Por si faltaba algo para completar el cuadro, son muchos ya, dentro y fuera del PP, los que dicen que el verdadero poder en las Casas Consistoriales no reside en el alcalde, sino en su jefe de gabinete, Vicente López, un periodista que trabajó en este y otros medios y luego se reconvirtió en asesor popular, al que se responsabiliza del perfil bajo de Barcala y de muchas de las decisiones que parten de Alcaldía. Es constatable el temor que López ha conseguido instalar en las filas populares, donde pocos ediles se atreven a contradecirle, pero en todo caso, si la situación fuera esa, nunca sería reprochable al jefe de gabinete, sino al que le cedió esas prerrogativas. Siempre lo mismo. Así que, con interrogantes sobre quién está al mando, y sin un plan de ciudad, Alicante sigue presa de la condena de vivir institucionalmente de ocurrencia en ocurrencia. La última, la del Belén (que no es Belén, porque ni siquiera llega a Nacimiento) «gigante» que el concejal de Fiestas, Manuel Jiménez, quiere poner en la plaza del Ayuntamiento, según él para atraer turismo. El problema, no se confundan, no es ni religioso ni ideológico. El problema es que un concejal pretenda gastarse 140.000 euros en Navidad sólo porque esa mañana se ha levantado jacarandoso; sin pensar, sin asesorarse, sin hablar siquiera con los sectores que dice querer favorecer a ver qué consejo le dan para invertir de forma rentable ese pico de dinero. ¿Nunca saldremos del cutrerío en esta ciudad? ¿Seremos siempre los del cartón piedra, la copia, la suciedad, las despedidas de soltero y el todo a cien?

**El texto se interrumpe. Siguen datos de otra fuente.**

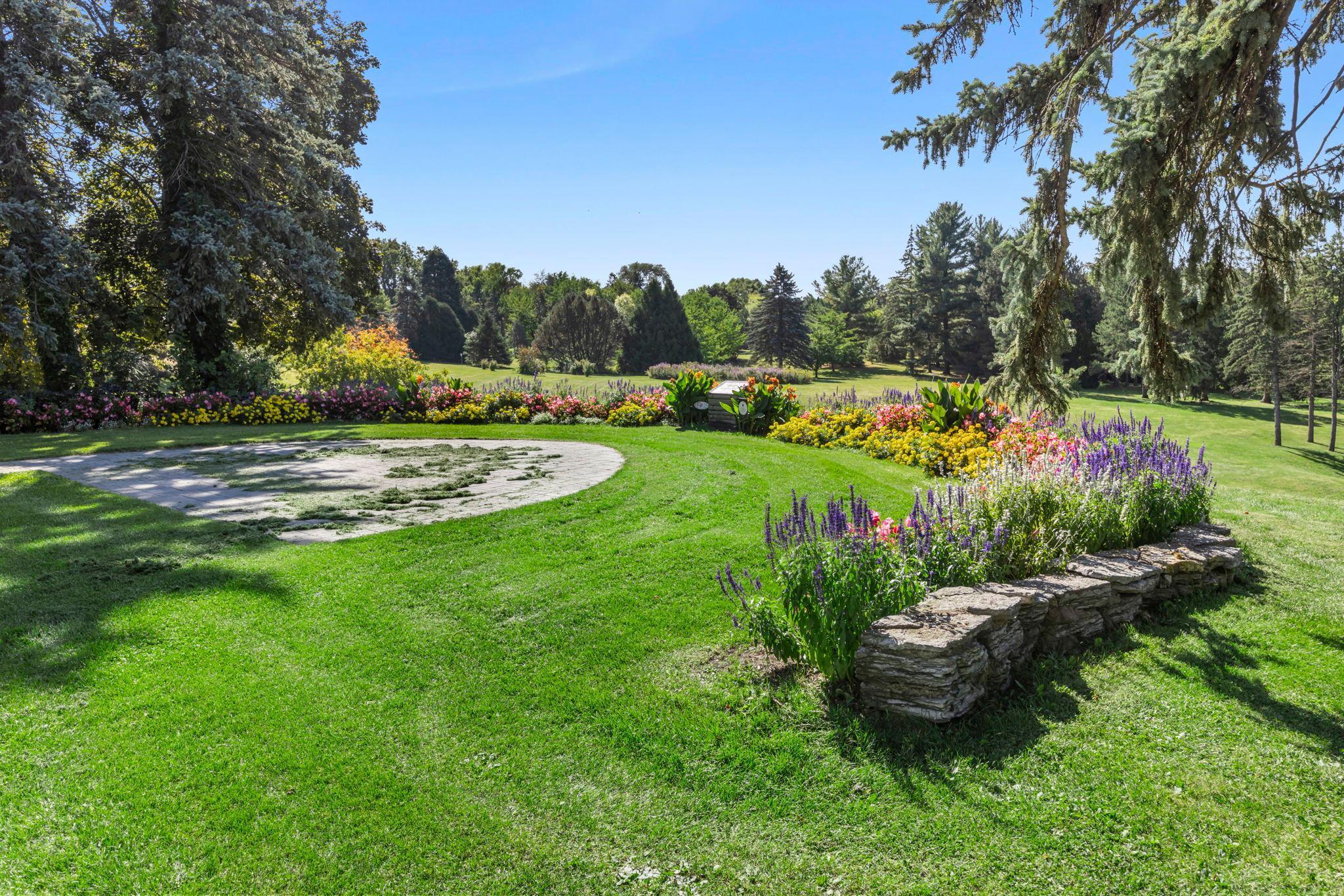 Minneapolis, Minnesota, 55435, United States, 5 Bedrooms Bedrooms, ,5 BathroomsBathrooms,Residential,Active,1944270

Incapaz de definirse por lo que hace o lo que propone, Barcala sólo se ha movido hasta aquí en el terreno del enfrentamiento. En una de las escasas intervenciones desde que asumió el cargo en las que se ha entendido lo que quería decir, el portavoz socialista, Francesc Sanguino, declaró días pasados a la cadena Ser que con Barcala «tenemos un jefe de la oposición del Consell y del Gobierno (sic), y no un alcalde». Tiene razón. Barcala es el autor de frases como la que pronunció en Madrid asegurando que «todo lo que no quiera València lo quiere Alicante», declaración que hizo felices antes de la pandemia a los concesionarios de recogida de basuras del centro y norte de la Comunitat, tan necesitados siempre de encontrar emplazamientos que acepten sus residuos. Y también es el político que abrió su campaña electoral como candidato a la Alcaldía acusando a Puig de despreciar a Alicante... en un acto que el PP, en coherencia con sus palabras, no había organizado en Alicante, sino en el Oceanogràfic de València.

Sería bueno que Barcala reconsiderase su posición. No que dejara de criticar, sino que empezara a gobernar. Sería bueno para los alicantinos. Pero creo que también lo sería para él. No vaya a acabar como el anterior presidente de la Diputación, César Sánchez, que de tanto disparar contra casa ajena olvidó de cuidar la suya propia y así le fue: no le permitieron optar a un segundo mandato. Yo ahí lo dejo.